Please copy the material under this line exactly, keeping every line.

☆ ☆ ☆ ☆

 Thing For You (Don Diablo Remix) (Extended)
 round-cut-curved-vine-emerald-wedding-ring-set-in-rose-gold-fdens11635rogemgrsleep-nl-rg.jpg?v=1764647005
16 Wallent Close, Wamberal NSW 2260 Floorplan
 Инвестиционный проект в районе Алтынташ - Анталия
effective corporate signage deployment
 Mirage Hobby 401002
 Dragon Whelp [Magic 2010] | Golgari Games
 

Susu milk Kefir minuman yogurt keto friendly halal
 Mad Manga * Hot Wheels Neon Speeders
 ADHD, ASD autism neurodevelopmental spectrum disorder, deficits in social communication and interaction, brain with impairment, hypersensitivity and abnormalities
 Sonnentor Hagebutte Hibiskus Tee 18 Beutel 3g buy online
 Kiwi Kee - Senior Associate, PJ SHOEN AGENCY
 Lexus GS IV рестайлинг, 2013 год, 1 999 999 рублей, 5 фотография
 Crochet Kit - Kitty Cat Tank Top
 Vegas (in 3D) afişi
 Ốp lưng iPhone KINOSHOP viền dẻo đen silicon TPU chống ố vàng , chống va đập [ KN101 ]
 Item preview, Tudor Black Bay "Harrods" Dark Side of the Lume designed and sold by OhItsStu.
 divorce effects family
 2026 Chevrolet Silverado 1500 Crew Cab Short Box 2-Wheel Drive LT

☆ ☆ ☆ ☆

**Answer to this task**:
 Thing For You (Don Diablo Remix) (Extended)
 round-cut-curved-vine-emerald-wedding-ring-set-in-rose-gold-fdens11635rogemgrsleep-nl-rg.jpg?v=1764647005
16 Wallent Close, Wamberal NSW 2260 Floorplan
 Инвестиционный проект в районе Алтынташ - Анталия
effective corporate signage deployment
 Mirage Hobby 401002
 Dragon Whelp [Magic 2010] | Golgari Games
 

Susu milk Kefir minuman yogurt keto friendly halal
 Mad Manga * Hot Wheels Neon Speeders
 ADHD, ASD autism neurodevelopmental spectrum disorder, deficits in social communication and interaction, brain with impairment, hypersensitivity and abnormalities
 Sonnentor Hagebutte Hibiskus Tee 18 Beutel 3g buy online
 Kiwi Kee - Senior Associate, PJ SHOEN AGENCY
 Lexus GS IV рестайлинг, 2013 год, 1 999 999 рублей, 5 фотография
 Crochet Kit - Kitty Cat Tank Top
 Vegas (in 3D) afişi
 Ốp lưng iPhone KINOSHOP viền dẻo đen silicon TPU chống ố vàng , chống va đập [ KN101 ]
 Item preview, Tudor Black Bay "Harrods" Dark Side of the Lume designed and sold by OhItsStu.
 divorce effects family
 2026 Chevrolet Silverado 1500 Crew Cab Short Box 2-Wheel Drive LT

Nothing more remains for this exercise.